Hingar bingar suara ribuan mahasiswa memenuhi seantero gedung menandakan bahwa acara wisuda telah selesai. Para mahasiswa mulai keluar gedung dengan langkah berdesakkan. Aku berjalan gontai di sambut penuh rasa bangga oleh keluarga dan para sahabat. Ucapan selamat pun berdatangan bersama bucket bunga, boneka, dan souvenir wisuda lainnya. Aku seharusnya bahagia. Tapi, saat itu yang ada dalam pikiranku hanya ingin segera tiba di rumah memejamkan mata yang sedari tadi terasa kunang-kunang.
"Kita ke studio mana?" Teman-temanku mulai berdiskusi mencari studio pemotretan.
Meski tubuhku benar-benar terasa lemas, dan kepala seperti di hantam palu. Aku dan keluargaku tetap melajukkan mobil ke arah studio yang sudah di pilih oleh teman-temanku untuk mengabadikan momen wisuda kami.
Dreett..dreet..
Setibanya di studio ponselku bergetar, aku mendapat pesan dari mas prams.
"Sudah selesai acara wisudanya? Maaf tadi aku sedikit sibuk" Aku hanya berdecak membaca pesan dari mas prams yang masih berlagak baik-baik saja.

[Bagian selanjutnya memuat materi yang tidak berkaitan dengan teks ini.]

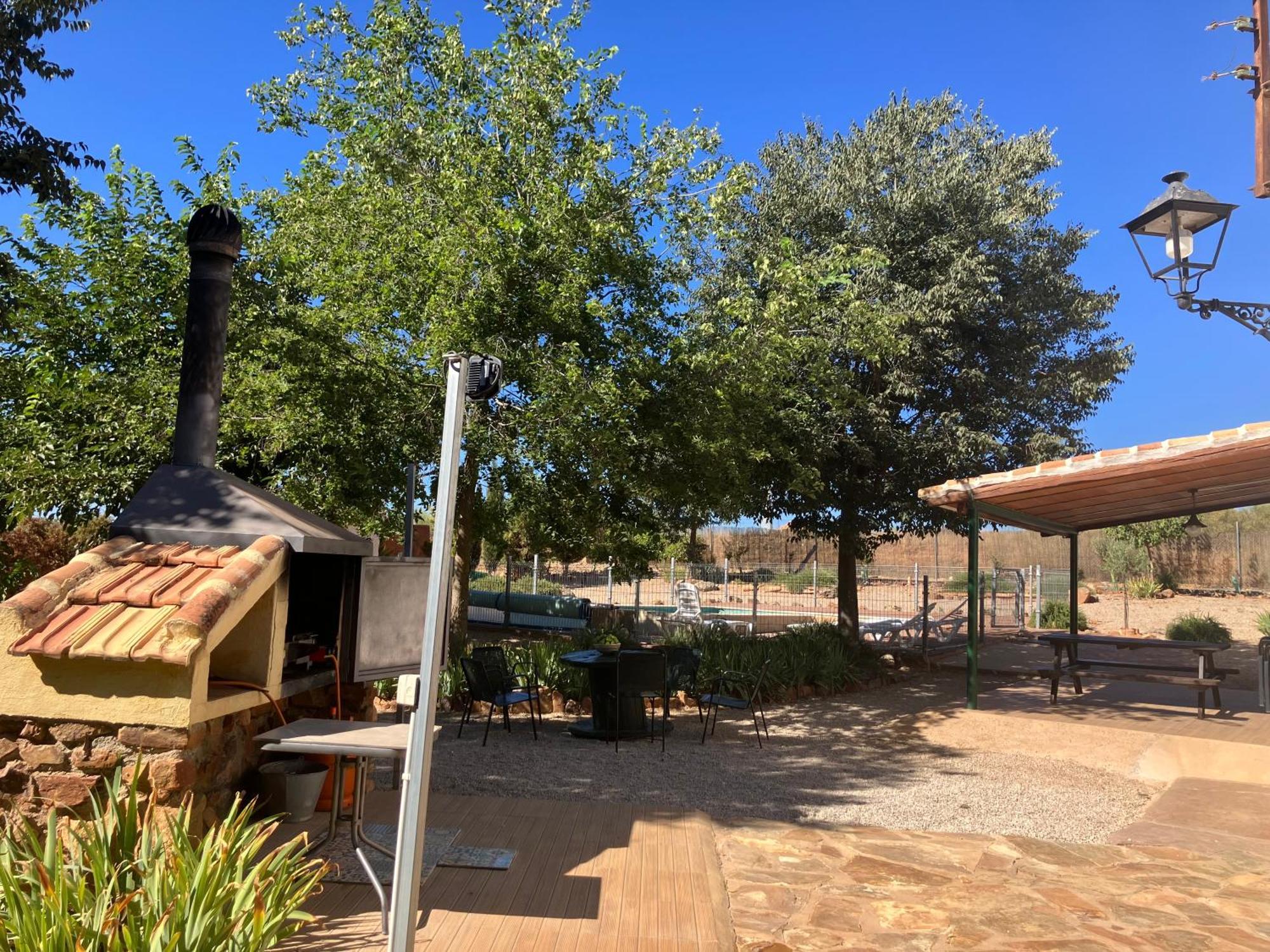 La Huerta El Bao Guest House Alhambra Exterior photo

"Mas, udah makan?" Tanyaku tidak seperti biasanyanya.
"Tumben perhatian" Mas prams seperti menggodaku.
"Cuma basa-basi" Aku mengelak karena tidak ingin mas prams kegeeran.
"Apapun itu yang pasti ini sangat langkah. Jadi, aku merasa beruntung bisa mendapat perhatian darimu meski hanya basa-basi" Balasnya membuatku menyesal telah memberinya sedikit perhatian.
Sepanjang perbincangan mas prams sedikit pun tidak membahas tentang keadaannya. Pun aku mengikuti apa yang sedang ia lakukan. Jika mas prams menutupi keadaannya yang sebenarnya, aku pun pura-pura tidak tau dengan keadaannya yang sebenarnya. Padahal aku sangat ingin bertanya bagaimana keadaannya? Namun, pertanyaan itu seakan tersingkir oleh rasa gengsiku yang terlalu tinggi.
"Bagaimana keadaanmu? Masih sakit?" Lagi-lagi malah mas prams yang bertanya tentang keadaanku.
"Masih" Aku sengaja menjawab apa adanya seperti ingin tau kekhawatiran mas prams lebih dari itu.
"Sabar ya nanti setelah selesai semua acaranya langsung istirahat. Demi Tuhan jika saat ini aku bisa meminta sesuatu yang akan di kabulkan olehNya. Aku hanya ingin meminta sakit yang Tuhan kasih ke kamu saat ini pindah ke aku saja" Balasnya terasa begitu lembut. Aku menyunggingkan senyum saat itu tiba-tiba seperti ada desir angin yang menyentuh ulu hatiku. Rasanya cukup menyejukkan.
"Ayo giliran kalian" Suara salah seorang karyawan studio membuyarkan senyumku. Aku kembali memasukkan ponsel ke dalam tas karena pengambilan poto bersama keluarga dan teman-temanku akan segera di mulai. Seperti biasa ketika sibuk aku tidak pernah memberitahu mas prams. Lagi-lagi aku menghilang begitu saja membiarkan mas prams menungguku di ruang chat.
Bahkan setibanya di rumah aku lupa membalas pesan mas prams karena aku fokus dengan keadaan demamku yang kian membuat kepalaku nyut-nyutan. Setelah mandi dan minum obat aku langsung tertidur pulas hingga pukul 12 malam aku terbangun karena suhu tubuhku semakin panas. Aku meringkuk di balik selimut tebal dengan air mata sedikit mengalir dari ujung mataku.